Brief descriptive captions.
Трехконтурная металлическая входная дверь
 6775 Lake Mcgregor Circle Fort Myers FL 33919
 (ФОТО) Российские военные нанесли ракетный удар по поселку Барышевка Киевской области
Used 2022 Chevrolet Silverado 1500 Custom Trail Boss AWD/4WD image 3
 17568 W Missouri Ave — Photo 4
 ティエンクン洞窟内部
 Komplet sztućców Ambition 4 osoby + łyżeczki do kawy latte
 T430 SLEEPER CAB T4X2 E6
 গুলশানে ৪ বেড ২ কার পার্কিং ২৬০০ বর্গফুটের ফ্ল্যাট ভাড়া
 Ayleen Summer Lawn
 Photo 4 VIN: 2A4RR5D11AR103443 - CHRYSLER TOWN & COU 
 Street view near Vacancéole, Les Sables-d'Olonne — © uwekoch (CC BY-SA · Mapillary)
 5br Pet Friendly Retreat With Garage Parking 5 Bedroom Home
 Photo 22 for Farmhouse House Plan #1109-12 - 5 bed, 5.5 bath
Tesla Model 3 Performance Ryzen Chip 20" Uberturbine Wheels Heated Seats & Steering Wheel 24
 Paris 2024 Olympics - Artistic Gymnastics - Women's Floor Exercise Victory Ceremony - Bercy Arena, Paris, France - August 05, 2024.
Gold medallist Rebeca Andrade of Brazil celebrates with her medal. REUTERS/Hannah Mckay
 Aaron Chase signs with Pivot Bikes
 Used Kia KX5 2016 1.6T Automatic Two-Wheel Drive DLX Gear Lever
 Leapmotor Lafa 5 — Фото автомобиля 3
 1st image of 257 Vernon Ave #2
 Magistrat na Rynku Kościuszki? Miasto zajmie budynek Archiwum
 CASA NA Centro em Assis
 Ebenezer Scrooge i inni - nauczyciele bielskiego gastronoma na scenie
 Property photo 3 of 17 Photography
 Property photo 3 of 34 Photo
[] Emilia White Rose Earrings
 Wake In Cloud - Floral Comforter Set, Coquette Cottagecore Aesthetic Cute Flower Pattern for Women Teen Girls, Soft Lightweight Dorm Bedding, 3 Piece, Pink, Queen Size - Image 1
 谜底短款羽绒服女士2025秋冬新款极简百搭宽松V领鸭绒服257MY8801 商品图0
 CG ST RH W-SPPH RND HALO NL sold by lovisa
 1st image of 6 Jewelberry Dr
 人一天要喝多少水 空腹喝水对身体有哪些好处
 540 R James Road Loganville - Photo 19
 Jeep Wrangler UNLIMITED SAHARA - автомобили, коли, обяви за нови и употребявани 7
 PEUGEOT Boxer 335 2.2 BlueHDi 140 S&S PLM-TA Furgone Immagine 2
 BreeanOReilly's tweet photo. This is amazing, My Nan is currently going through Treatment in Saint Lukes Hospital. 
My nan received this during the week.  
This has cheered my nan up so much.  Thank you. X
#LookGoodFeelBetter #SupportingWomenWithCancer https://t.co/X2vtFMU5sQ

Task prompt. Look above for every line with the word "Wheel" and copy it.

Reply to the task.
Tesla Model 3 Performance Ryzen Chip 20" Uberturbine Wheels Heated Seats & Steering Wheel 24
 Used Kia KX5 2016 1.6T Automatic Two-Wheel Drive DLX Gear Lever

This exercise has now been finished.